NaCl was gradually added in an attempt to avoid osmotic shock. For the control treatment, a set of plants received only the half-strength Hoagland's nutrient solution containing 2 mM Ca(NO3)2. In the nutrient solutions supplemented with calcium salts, NaNO3 was used as a source of nitrate to replace Ca(NO3)2. All nutrient solutions were kept aerated and were replaced every six days. Each day, the amount of water transpired was replaced with distilled water. The pH of the solution was daily measured and was adjusted to 5.5, as required, using HCl or NaOH. This was necessary to assure the solubility of CaSO4, particularly at concentrations above 5.0 mM. The experiment was carried out in greenhouse conditions, with mean air temperatures of 32.5±4.5°C (day) and 25.5±4.5°C (night), a relative humidity of 40 to 80% and a mean maximum photosynthetic photon flux density of approximately 1,200 µmol m-2 s-1.

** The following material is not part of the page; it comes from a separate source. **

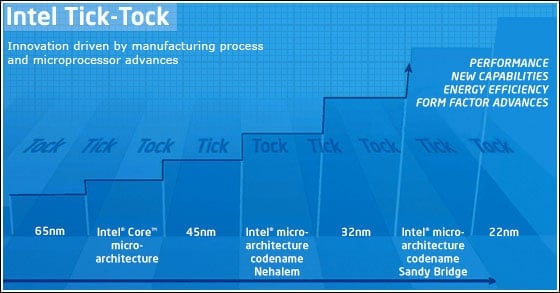 Strategie Intel Tick-Tock od procesorů Core po Ivy Bridge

Growth measurements and mineral analyses: Plants were harvested 24 days after the first addition of NaCl and they were separated into leaves, stems + petioles, and roots. Plant materials were dried in a forced-air oven at 60°C for 72 hours, and then the dry mass of the samples was recorded.

The extraction of Ca2+, Mg2+, Na+, K+, P, and S from the plant tissue material was performed by digestion of 0.5 g powder of the oven-dried samples in a mixture of concentrated nitric acid and perchloric acid (2:1; v/v; Malavolta et al., 1997). The Ca2+ and Mg2+ contents were determined by atomic absorption spectrophotometry, while the Na+ and K+ contents were determined by flame photometry. The P and S contents were estimated by colorimetric and turbidimetric methods, respectively (Malavolta et al., 1997). Total nitrogen extraction was based on the micro-Kjeldahl method, and the N content was determined according to Malavolta et al. (1997). Aqueous extracts were used for Cl- determination by titration with AgNO3 (Malavolta et al., 1997).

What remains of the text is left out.